Nina is the friend who bakes you a pie or a casserole. She sends people to help with tasks, carry chairs, cut grass, and lift heavy things. She reads grant proposals, reviews resumes, and comes to Facebook to find Nerf guns, crayons, and gently used window air conditioners for her neighbors. She endures life’s indignities with grace, valor, and grit. She is fierce, talented, and smart as a whip. She believes in Pittsburgh with all of her incredibly big heart, to the point that her Southern drawl seems absolutely perfect in the middle of Garfield.

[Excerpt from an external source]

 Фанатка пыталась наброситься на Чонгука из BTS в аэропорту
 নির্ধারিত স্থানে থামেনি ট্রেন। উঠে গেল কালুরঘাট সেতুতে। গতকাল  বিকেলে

And if you know Nina well enough to know these things about her, you also realize how much she loves her family. She has stories and tales and updates. She goes home as often as she can and they come here, too. I sat with Nina’s mother when she was honored by Pittsburgh’s 40 Under 40 and to see the pride, joy, and love in her eyes that night at all that her daughter had accomplished and was celebrated for was an honor.
Nina should not have lost her beloved daddy, not like this and not this soon. She will rise to the occasion as she always does, but losing a parent before you expect creates a new dimension in your life as you figure out who you are without someone who defined your actual life for 40+ years.
We cannot change the situation, but we can embrace Nina, Rowdy, Jason, her family, and the extended families of the other crew by helping them navigate this horrible time.
If you have ever vacationed in the Outer Banks, please donate.
If you have ever waited for that phone call from a loved one after a workplace accident, please donate.
If you give up plastic straws to help the oceans, please help those who make a livelihood there, please donate.
If you’ve been to the Penn Avenue art crawls or community events in Greenfield, please donate.
If you know the pain of losing a parent, please donate.
If you smile when you see an art car, please donate.
If you enjoy fried fish and shrimp during Lent, please donate.
If you know and love Nina and Rowdy, please donate.
If you cannot donate, please share. This is a time for Pittsburgh to reach out to our neighbor Nina, but also to the people of Engelhard and Hyde County, to the folks who pursue a dangerous living without the safety nets of unions, affordable insurance or health care and so much more.
I can’t think of a poetic way to close this post. My heart breaks for my friend and there’s very little I can do except ask you to be mindful that this tragedy is much bigger than we can imagine and part of the ribbon that threads through so many parts of our lives and conversations. We must continue to resist and support the families as they persist.